U.S. companies are sitting on the largest pile of cash ever. Investors are trying to gauge how they are going to use it.

Cash holdings at nonfinancial companies grew to a record $2.1 trillion at the end of June, according to a report from Moody’s Investors Service. That is up 30% from that time last year and higher than the previous peak of nearly $2 trillion in 2017. Among the biggest hoarders: AT&T Inc. and Delta Air Lines Inc., which each held more than $15 billion at the end of June.

Other measures show some of America’s largest companies continued to hang on to record cash stockpiles at the end of the third quarter. The amount held by S&P 500 companies not in the financial, transportation or utility sectors is expected to total around $1.9 trillion, according to data compiled by S&P Dow Jones Indices. That is the most cash ever held by that group in data going back to 1980.

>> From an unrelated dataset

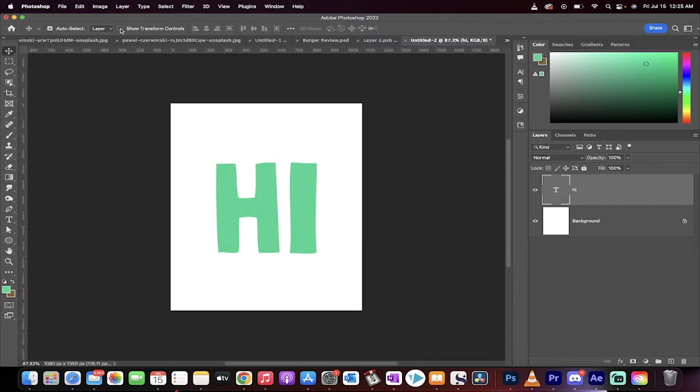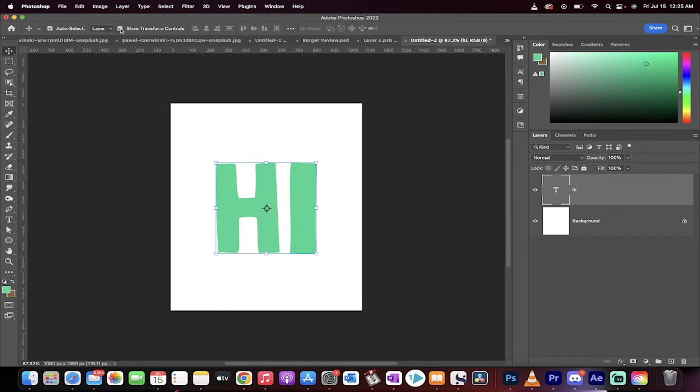What you need to do is click on this show transform controls button. This is the one that affects that bounding box.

Among investment-grade borrowers tracked by BNP Paribas , the ratio of current assets to current liabilities—which BNP uses to estimate liquidity—has risen this year to 86% in Europe and 97% in the U.S. Those levels have only been exceeded since 2000 during late 2009-early 2010 in the U.S. and mid-2004 in Europe.

Companies in the Stoxx Europe 600 have also posted a similar rise, with average short-term liquidity ratios forecast to finish 2020 at 172%, up from 159% at the end of 2019 among companies for which data is available in FactSet. In the S&P 500, companies are forecast to finish the year at 192%, up from 170%.